水戸岡氏の粋を凝らした意匠に包まれながら、静かで安定した時間が流れている。外部では、空気を切り裂くように超高速の時を疾駆しているというのに、わずかにレキレキコーコー、レキレキコーコーと、阿川テイトクの感じた車輪音が聞こえてくるだけだ。
一段落ついたところで席を立ち、グリーン車周辺を見て回った。洋式トイレは車椅子でも用事がたせるよう広い間取りで申し分なく、もちろん北陸路のように男女共用ではない。また喫煙室まで特設されてあった。
席に戻ってしばらくすると、列車は南九州の山稜地帯を抜け平野部に入った。鹿児島で買い求めた駅弁を開く。鹿児島名物黒豚の味噌焼きをどっさり盛り付けた黒豚弁当。この地方特産の高菜の醤油漬けもどこか昔懐かしい味で、ゆっくりと賞味した。
しかし新幹線という乗り物は、窓外の風光を楽しむには適していないことに改めて気づかされた。近くの視界はあっという間にぶっちぎれてしまうし、遠くに目を転じても近眼のわたしにはぼやけた景色が映るだけだ。
周囲には五分入りの乗客。この日本人たちは、何処へ行こうとしているのか—。脳裏に取り付いて離れないテーマが再び首をもたげ、わたしは瞑想に入った。というよりもはや迷想に近いか。
この日本人たちは、かっては大陸続きだった赤道直下のスンダランド地域から、3、4万年前に北上してきたホモサピエンスの末裔であることは間違いない。

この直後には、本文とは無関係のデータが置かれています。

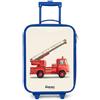 NoBoringSuitcases.com NoBoringSuitcases© Valigia Blu Per Bambini Compatto Bagaglio Ultraleggero | 48x31x19 cm - Trolley A Mano Rigidi LED Ruote Valigie Bimbi - Ragazzo - Autopompa - Firmato - Rosso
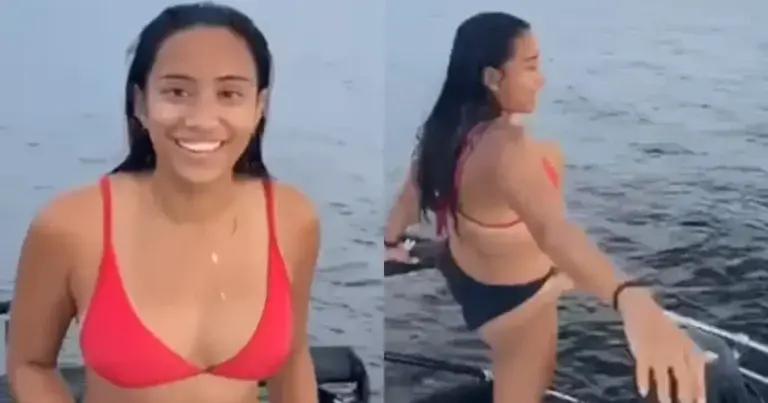Dame wil vanop bootje het water in. Maar dat gaat FOUT! (fails)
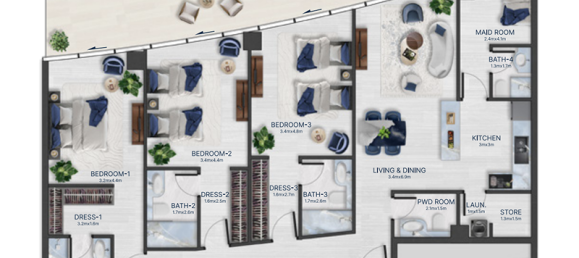 Apartamento de 1 dormitorio en Al Marjan Island, UAE No. 121392 9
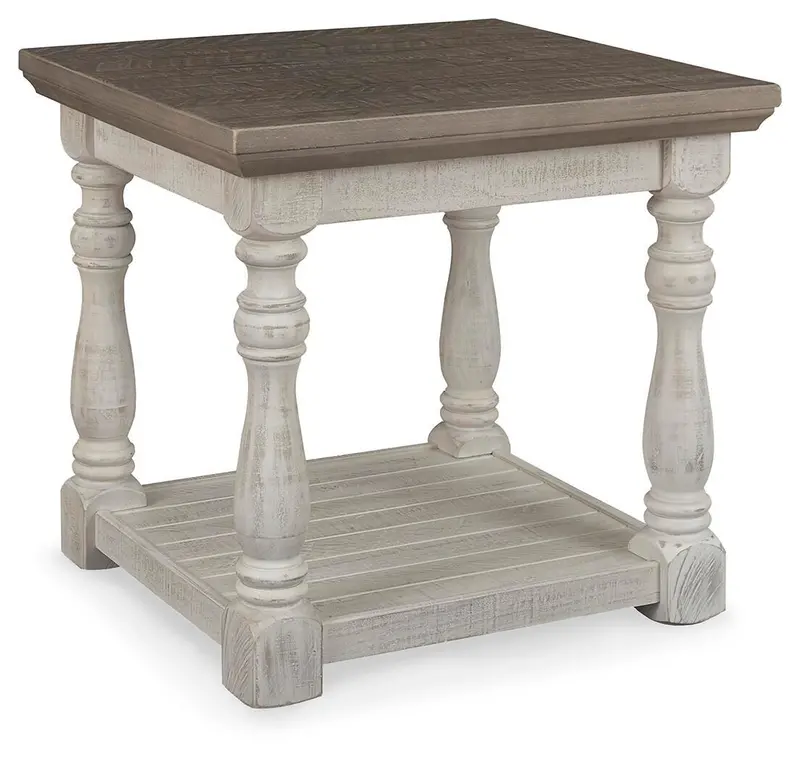 Havalance Round Wood End Table with Shelf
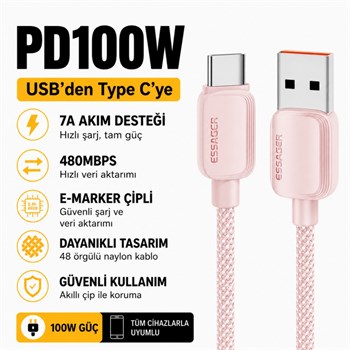 Essager 1 Metre 7A 100W E-Marker Süper Hızlı USB To Type C Şarj Data Kablosu, Akım,Isı, Güçlü Kablo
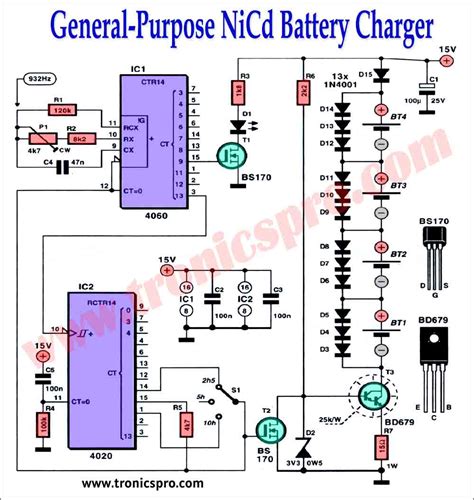 General Purpose Nicd Battery Charger Circuit Tronicspro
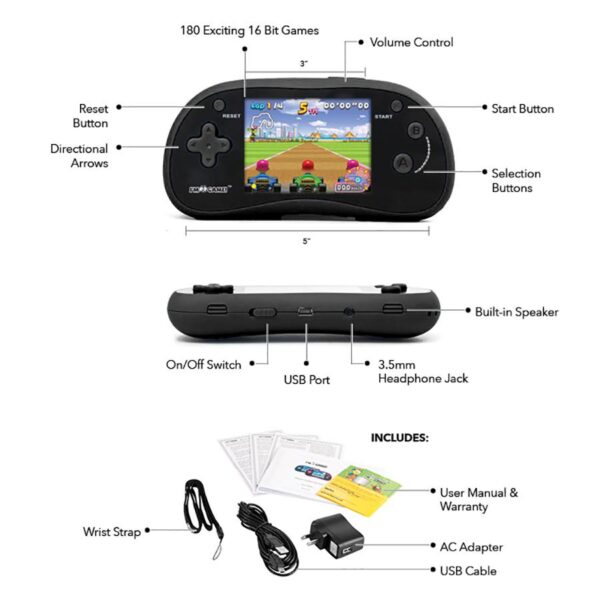 I'm Game Handheld Game with 220-Exciting Games - Black  ITEM # ZR-GP-180K - Image 4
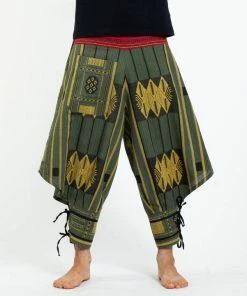 HaremPants.com Thai Hill Tribe Fabric Men's Harem Pants With Ankle Straps In Olive Green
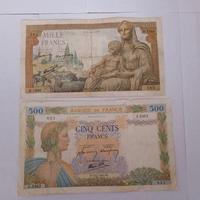 Due banconote franchi francesi. 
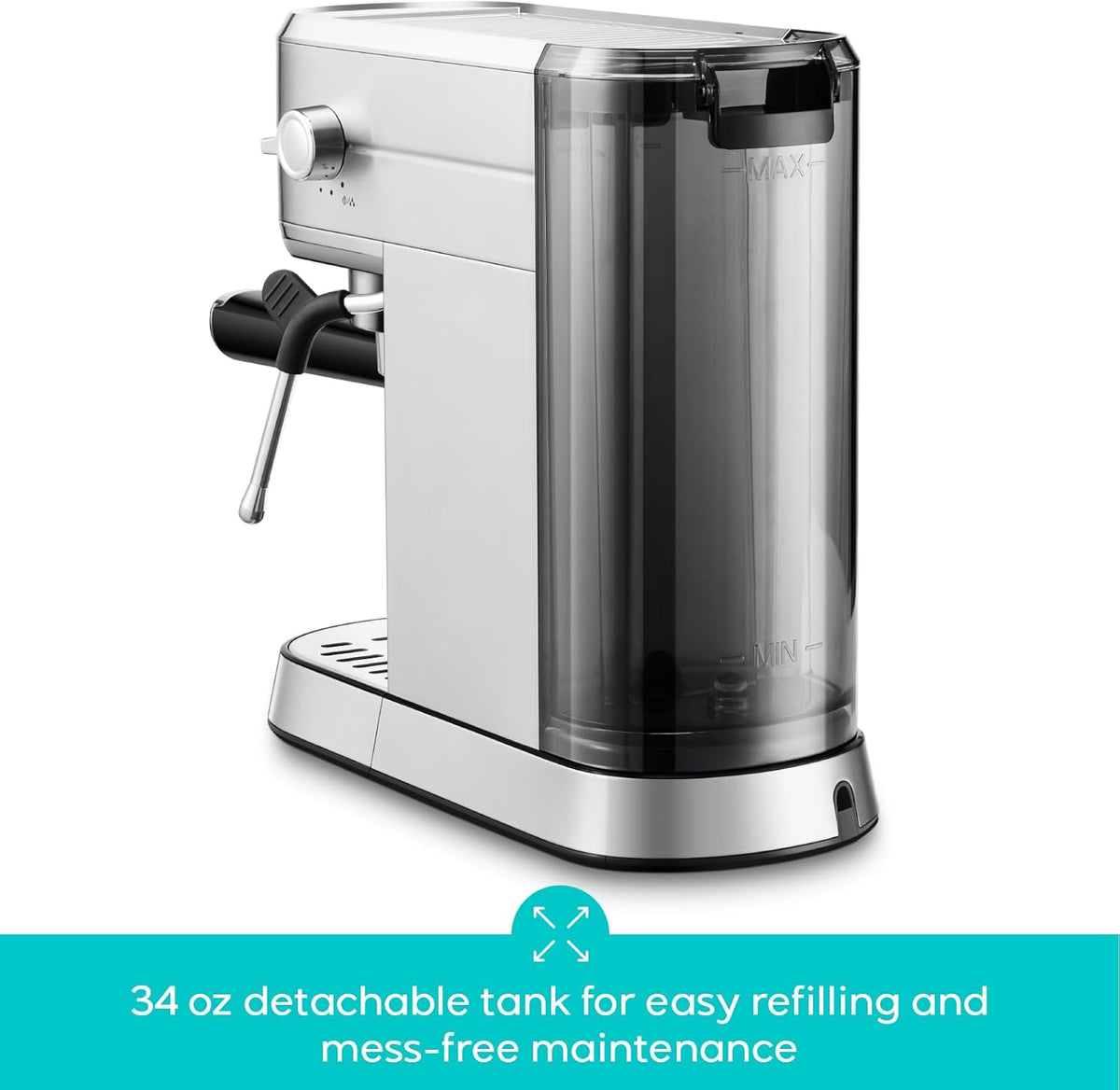 Back view of the machine showing the 34 oz detachable water tank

琉球列島をたどった先祖もおろうし、大陸からやって来た新人も多かった。人類初の地球規模の大移動は、このころ終末期になろうとしている。 日本列島入りした原初の人々は、ゆっくり時間をかけて列島を北上するなかで縄文人と呼ばれる先住民となり、大陸を経てコメを手土産に携えて来た後発組は弥生人となった。

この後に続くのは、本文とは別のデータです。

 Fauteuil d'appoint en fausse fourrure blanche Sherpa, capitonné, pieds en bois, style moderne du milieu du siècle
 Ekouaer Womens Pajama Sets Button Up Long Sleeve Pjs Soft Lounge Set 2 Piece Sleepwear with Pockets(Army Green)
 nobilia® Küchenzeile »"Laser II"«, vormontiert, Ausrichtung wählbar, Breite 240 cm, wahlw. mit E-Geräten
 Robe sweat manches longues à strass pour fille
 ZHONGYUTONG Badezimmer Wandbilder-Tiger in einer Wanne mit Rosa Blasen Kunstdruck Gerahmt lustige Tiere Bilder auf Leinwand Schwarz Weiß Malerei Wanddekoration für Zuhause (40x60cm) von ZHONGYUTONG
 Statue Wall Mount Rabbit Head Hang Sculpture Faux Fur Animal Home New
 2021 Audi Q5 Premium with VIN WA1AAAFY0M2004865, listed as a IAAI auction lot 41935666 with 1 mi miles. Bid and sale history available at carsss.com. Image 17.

島嶼の生物は体躯が矮小化するという説を裏付けるように、大和の人々は背が低く、寒冷地の生活に適した低い鼻梁と厚い瞼を持ち、比較的白いハダが北国の弱い紫外線からでもビタミンDの吸収を助けた。
「望郷阿呆列車」の車窓から見てきた日本人のいずれもが、適者生存の原則を体現したような相貌を持ち、数万年住み着いて使い古した狭い列島で活動していることに、わたしはいささかの憐憫と同族ゆえの愛情を感じたのだった。
異次元空間にさまようような迷想はまだ続いていた。ならば、移民としてのわたしの立場はどうなるのか、憐憫などと笑止な言辞を弄しながら、おまえはどこへ行こうとしているのだ。
天の一角から、「阿呆列車」に急ブレーキをかけるような命題を突き付けられたが、新幹線の方がきょう宿泊する新神戸駅に着いてしまった。